Brothers and Sisters,
I’ve been doing a fair amount of script editing over the last few years. That’s the way it goes sometimes; the work as a poacher dries up so you start exploring the gamekeeper options. Now I actually think I’m quite good at the job, and even enjoy it – and the same can be said of many of the script editors working out there today. However if we’ve learnt anything from Jimmy Savile it’s that just because you’re good at something and enjoy doing it doesn’t mean it should be allowed.
As a script editor I have looked at the state of modern comedy, made some notes, sat twiddling my thumbs, changed a few words because otherwise it’ll look like I’ve not done any work and, finally, come to the conclusion that script editors are a plague upon the earth and need to be done away with.
Worse than that, we are a possibly pointless plague. Some plagues are a necessary evil, you don’t need to be a evil misanthrope to see that – though it does help. In all honesty though, what fucking good are script editors to anyone? We are the non-Jonathan Rosses of writing. Script editors aren’t even writers. We’ve crossed the line. The script editor is the producer’s hired gun. We’re Pinkertons, Sheriff’s Men, strike breakers, Red Caps, hired muscle. We’re the deputies in a one-horse Klan town, we’re the hobbits that sided with Saruman, we’re camp capos. We’re overseers and house boy Uncle Toms. We’re some Harry Potter reference I haven’t read enough of the books to make.
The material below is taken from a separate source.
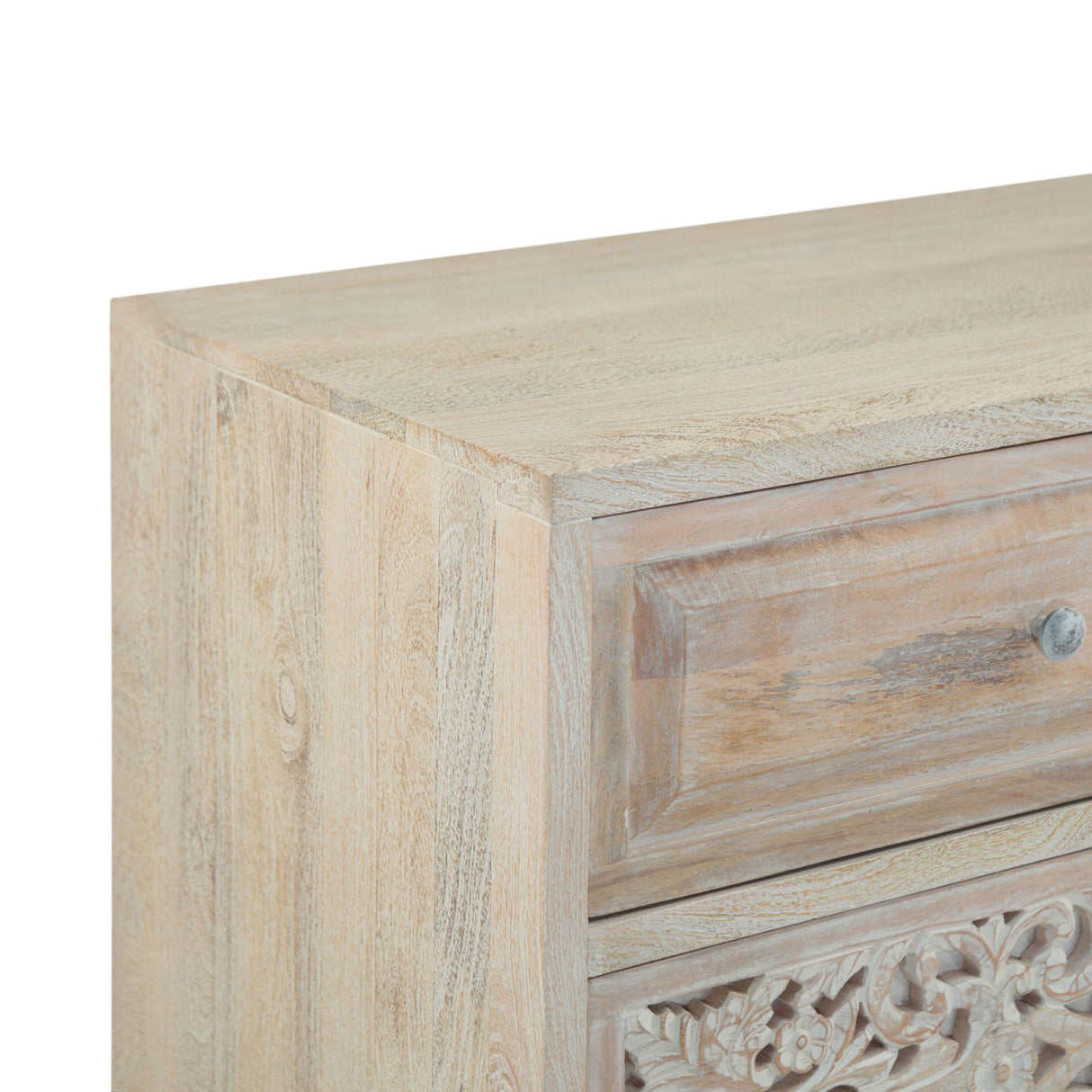 Taj 71" Dresser with Plinth Base in Carved Heirloom White from Home Trends & Design - Luna Furniture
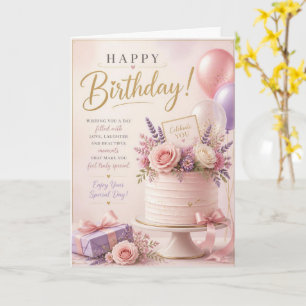 Pink Floral Cake Happy Birthday Card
Script editors are the sort of people who say ‘You see, I’m all about story’ and expect not to get punched. Our whole career is based around persuading grandmothers that there’s a secret to sucking eggs that only we know. You know where ‘script guruism’ leads? Hollywood. Not in an exciting, ‘they’re making a film version of Citizen Kahn but set in a newspaper baron’s castle’ way but to the Hollywood of inciting incidents on page 10, act one breaks on page 25 and fat chance validating your parking if you attempt anything different. It’s a structural approach that may have had its roots in something organic and artistic but now is as calcified and proscriptive as Noh theatre. It’s a system primarily geared towards allowing illiterate executives to judge a script by weight and pagination without recourse to any actual artistic judgement. It’s a world a lot of our TV execs would love to live in. Firstly, they could pretend they were big important Americans, which they love. It would also allow them to remove the difficult, unglamorous, troll-people with all the words and the ideas who keep asking them to imagine things and make decisions not based on audience research.
Is it possible that the rise of the script editor in TV comedy is part of a broader move towards disempowering the writer in the creative process? Rather than the sole originator of the idea and the concept, without whose script nothing could get made the writer becomes part of the crew, answering to their department head, attached and detached from a project at the producer’s will. It’s interesting that the BBC’s current hit sitcoms Miranda and Mrs Brown’s Boys are essentially writerless. Miranda is so focussed on the central character, and that central character is so widely accepted as a straight projection of the ‘real Miranda’ that people can con themselves into believing it springs fully formed onto the screen, like a slapstick Made In Chelsea. Mrs Brown’s Boys is obviously scripted – otherwise the actors wouldn’t know exactly when to make their ad-libs – but it’s such a collection of old jokes, borrowed set-ups and traditional routines that it’s not written so much as channelled via Ouija board from the fevered dreams of Old Mother Reilly’s deathbed. The important thing is Hart and O’Carroll are bona fide stars, so any pesky habits they may have of putting pen to paper like massive nerds can be overlooked by those starfuckers who want to make television but can’t bring themselves to be horny-handed sons or (unfortunately statistically fewer) daughters of toil craftsmenfuckers.
So, we should pick a side. Let’s just get rid of the job title. If you want to be on the writer’s side, if you want to help make scripts better, then do it as a writer. If you want to be the Head of Cotton Commissioning’s Uncle Tom, then be a producer. When the Bastille falls do you want to be tugging on the ropes of the lanterne or passing on some notes about act three from Louis XVI?
PS. Let us – writer, script editor and producer alike – never forget, however, that the real enemy is, and always will be, Sam Wollaston in The Guardian.